Here’s the overview of a report I delivered after spending a few days reading hundreds of one-off articles:
It is common for young moderns to claim they have thousands of friends. My interweb searches tell me the record is 8,942 or possibly 5,000 or maybe 16,000. You don’t have to be a scientist to know that such extreme values are probably hogwash.
Social media sources tell us the average person has 338 friends. Seem like a lot? Actually, it is too many, because most scientists agree humans can’t manage one-on-one relationships with more than 100 or 200 people. Our brains are incapable of making meaningful connections beyond that, so when we take on new friends, out go old ones. Think of all the people who were once friends of yours but have faded away. Sociologists and psychologists say most of us have only a dozen or two actual friends, numbers which seem more real, don’t they?

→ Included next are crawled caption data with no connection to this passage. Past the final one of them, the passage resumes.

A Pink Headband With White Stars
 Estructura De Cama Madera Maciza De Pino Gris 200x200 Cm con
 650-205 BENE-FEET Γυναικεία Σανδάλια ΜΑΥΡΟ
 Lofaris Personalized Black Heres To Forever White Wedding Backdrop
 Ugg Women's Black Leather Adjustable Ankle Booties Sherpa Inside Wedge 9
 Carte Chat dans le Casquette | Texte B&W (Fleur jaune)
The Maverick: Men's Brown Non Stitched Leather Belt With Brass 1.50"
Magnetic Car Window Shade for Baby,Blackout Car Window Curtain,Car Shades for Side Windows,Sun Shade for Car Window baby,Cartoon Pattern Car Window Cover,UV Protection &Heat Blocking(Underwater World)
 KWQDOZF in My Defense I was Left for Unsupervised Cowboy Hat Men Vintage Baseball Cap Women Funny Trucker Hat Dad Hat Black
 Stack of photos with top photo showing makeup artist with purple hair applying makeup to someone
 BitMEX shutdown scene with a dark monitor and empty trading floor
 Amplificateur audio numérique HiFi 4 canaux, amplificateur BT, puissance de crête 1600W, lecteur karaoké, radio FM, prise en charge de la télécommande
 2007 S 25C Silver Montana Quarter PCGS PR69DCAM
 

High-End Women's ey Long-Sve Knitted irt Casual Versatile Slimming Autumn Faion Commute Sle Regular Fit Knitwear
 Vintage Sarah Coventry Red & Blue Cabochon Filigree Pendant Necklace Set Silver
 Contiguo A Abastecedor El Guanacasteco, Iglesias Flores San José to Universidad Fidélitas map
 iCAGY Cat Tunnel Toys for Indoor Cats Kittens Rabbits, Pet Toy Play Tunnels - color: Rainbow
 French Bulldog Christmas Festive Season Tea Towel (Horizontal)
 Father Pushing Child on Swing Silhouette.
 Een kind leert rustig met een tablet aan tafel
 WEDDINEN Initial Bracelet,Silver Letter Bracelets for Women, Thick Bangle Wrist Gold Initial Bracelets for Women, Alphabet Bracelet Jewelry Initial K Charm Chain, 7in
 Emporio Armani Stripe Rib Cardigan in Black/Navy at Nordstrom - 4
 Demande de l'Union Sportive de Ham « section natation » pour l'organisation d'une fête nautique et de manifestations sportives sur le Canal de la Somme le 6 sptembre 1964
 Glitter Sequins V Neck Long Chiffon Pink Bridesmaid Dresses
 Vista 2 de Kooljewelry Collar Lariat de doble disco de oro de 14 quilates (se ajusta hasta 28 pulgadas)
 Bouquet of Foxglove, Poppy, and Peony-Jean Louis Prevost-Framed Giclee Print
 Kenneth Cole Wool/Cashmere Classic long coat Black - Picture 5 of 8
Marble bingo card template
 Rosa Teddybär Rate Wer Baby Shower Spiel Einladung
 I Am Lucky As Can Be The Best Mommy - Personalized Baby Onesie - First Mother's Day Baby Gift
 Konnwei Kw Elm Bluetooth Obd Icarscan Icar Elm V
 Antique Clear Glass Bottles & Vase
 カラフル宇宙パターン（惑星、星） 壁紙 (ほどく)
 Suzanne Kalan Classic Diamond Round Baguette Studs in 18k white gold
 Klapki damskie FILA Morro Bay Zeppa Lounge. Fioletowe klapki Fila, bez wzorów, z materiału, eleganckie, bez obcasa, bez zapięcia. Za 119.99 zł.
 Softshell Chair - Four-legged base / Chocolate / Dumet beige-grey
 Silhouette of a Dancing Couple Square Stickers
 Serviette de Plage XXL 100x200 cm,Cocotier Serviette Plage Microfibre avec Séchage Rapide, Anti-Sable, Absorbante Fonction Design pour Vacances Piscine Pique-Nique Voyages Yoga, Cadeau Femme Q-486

I set aside the numbers mishmash for the time being and began looking into the stretchable nature of how people go about defining “friends.” Are friends people we like? Or are they people we trust? How about neighbors we nod to when they walk the dog? Maybe friends are those we are attached to by feelings of affection. Whatever our definition, let’s agree one condition of real friends should be they are those we interact with one person at a time.
In her book Alone Together, MIT’s Sherry Turkle says young moderns’ friends are more fiction than fact because they have delegated important human relationships to robots. Imagining machines to be your friends indicates you are using a very loose definition of friendship. Look at studies of people who say they’re not lonely because Alexa and Siri are their best friends, and you’ll find some folks with oddly-formed ideas about friendship.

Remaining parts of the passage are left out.